Task details:
Please give the lines below again exactly as they stand, from the one that contains "25 صورة لنجوم الفن في جنازة أرملة سيد مكاوي" up to and including the one that contains "HKM-982675 Embossed Texture", leaving all pictures out.

Stored data:
------------

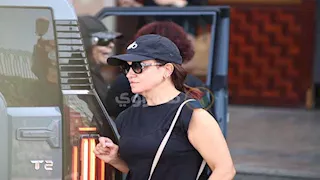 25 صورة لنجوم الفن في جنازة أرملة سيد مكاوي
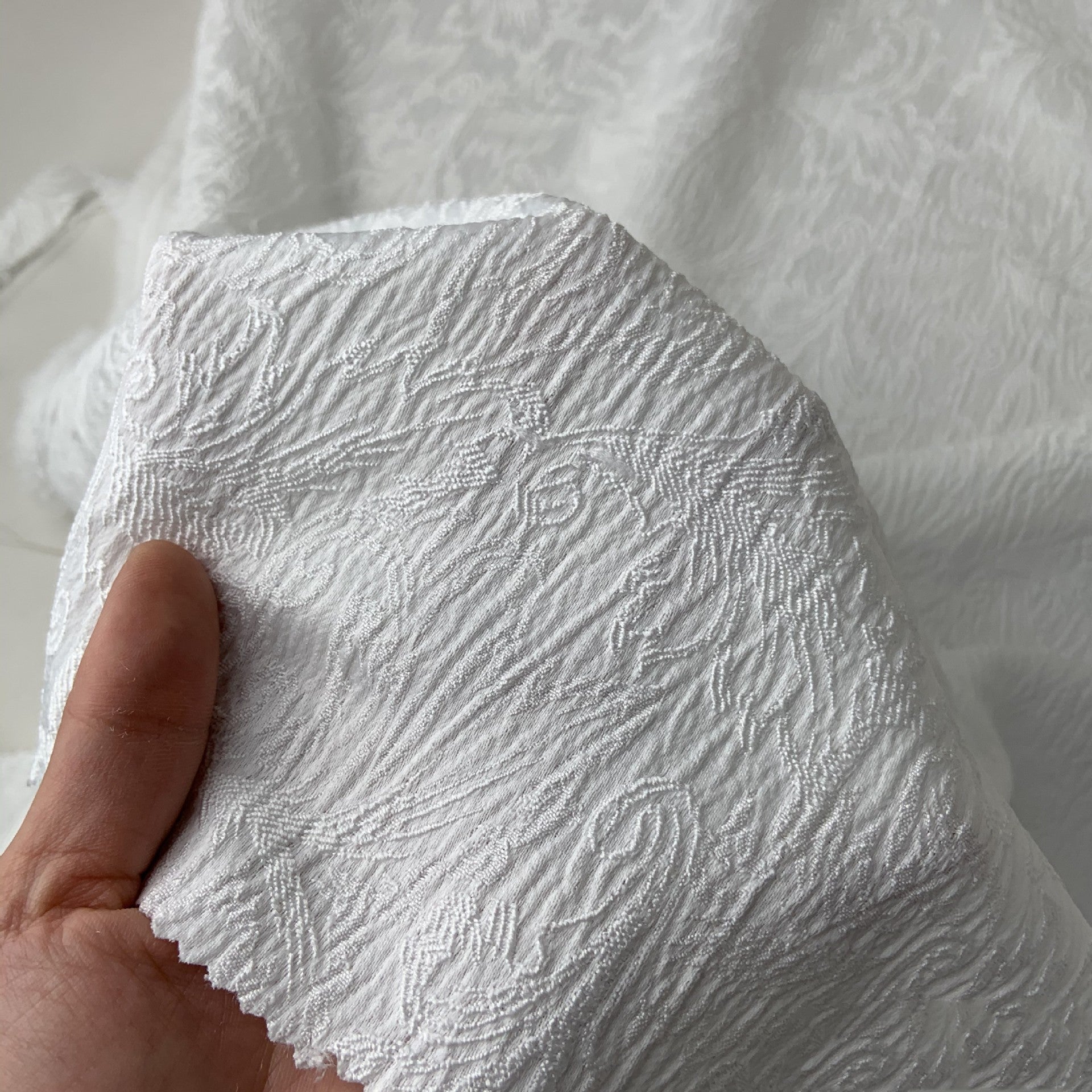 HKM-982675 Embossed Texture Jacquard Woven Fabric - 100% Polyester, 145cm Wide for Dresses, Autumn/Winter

------------

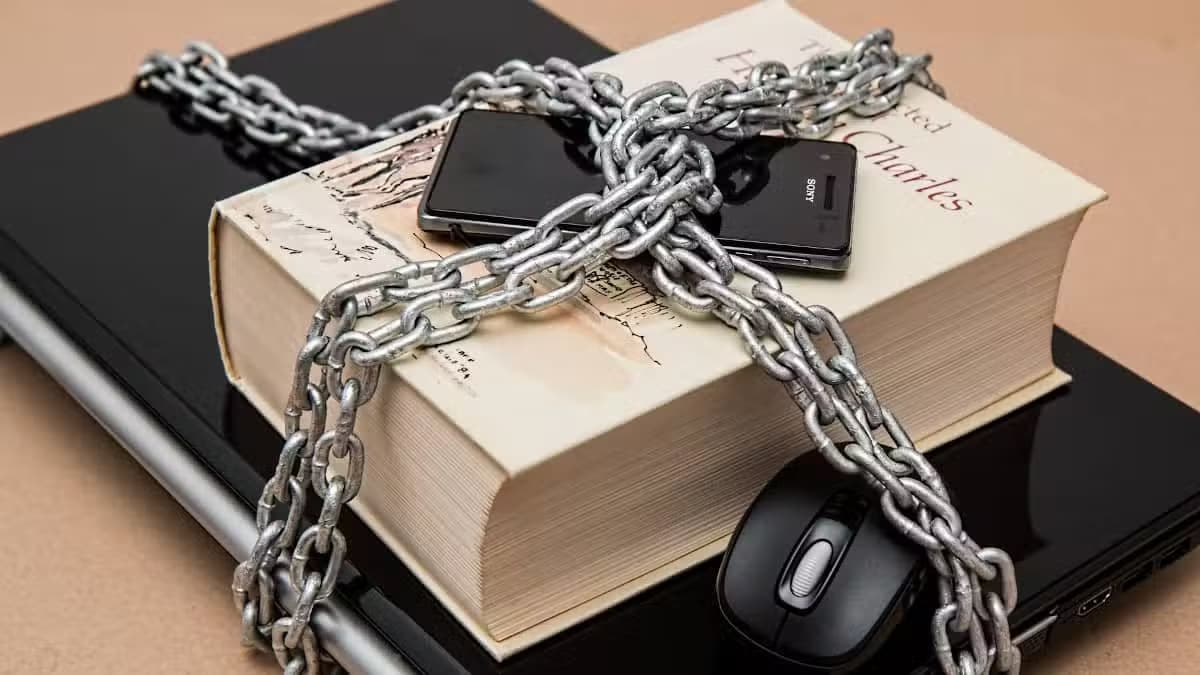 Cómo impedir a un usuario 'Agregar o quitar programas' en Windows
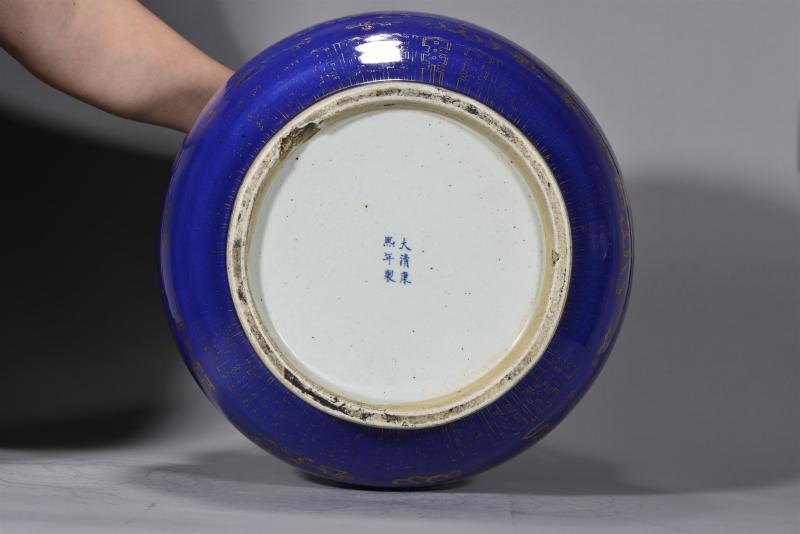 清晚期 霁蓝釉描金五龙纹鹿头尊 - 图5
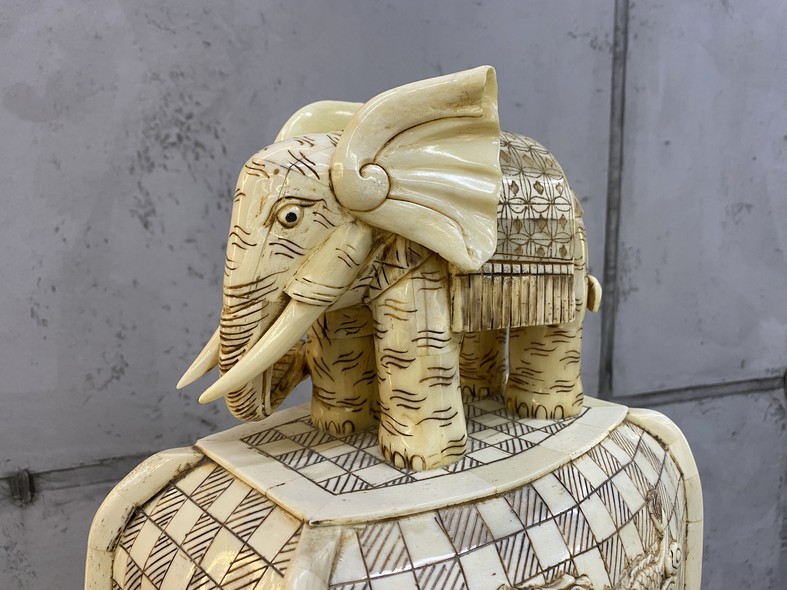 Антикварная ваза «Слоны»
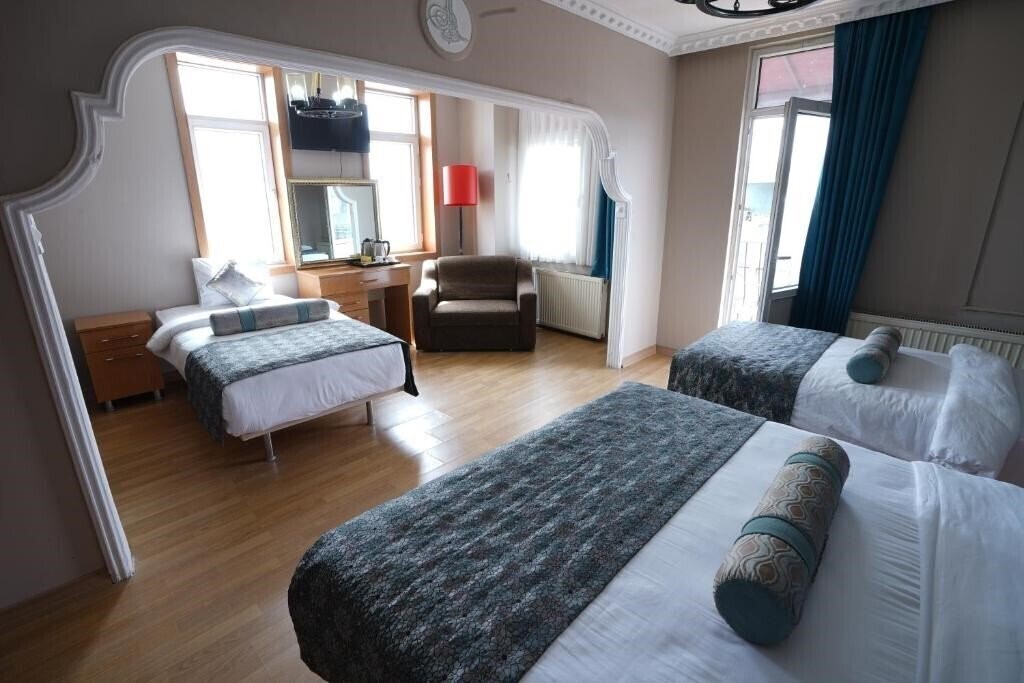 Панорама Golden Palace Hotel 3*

------------

Solution below:
 25 صورة لنجوم الفن في جنازة أرملة سيد مكاوي
 HKM-982675 Embossed Texture Jacquard Woven Fabric - 100% Polyester, 145cm Wide for Dresses, Autumn/Winter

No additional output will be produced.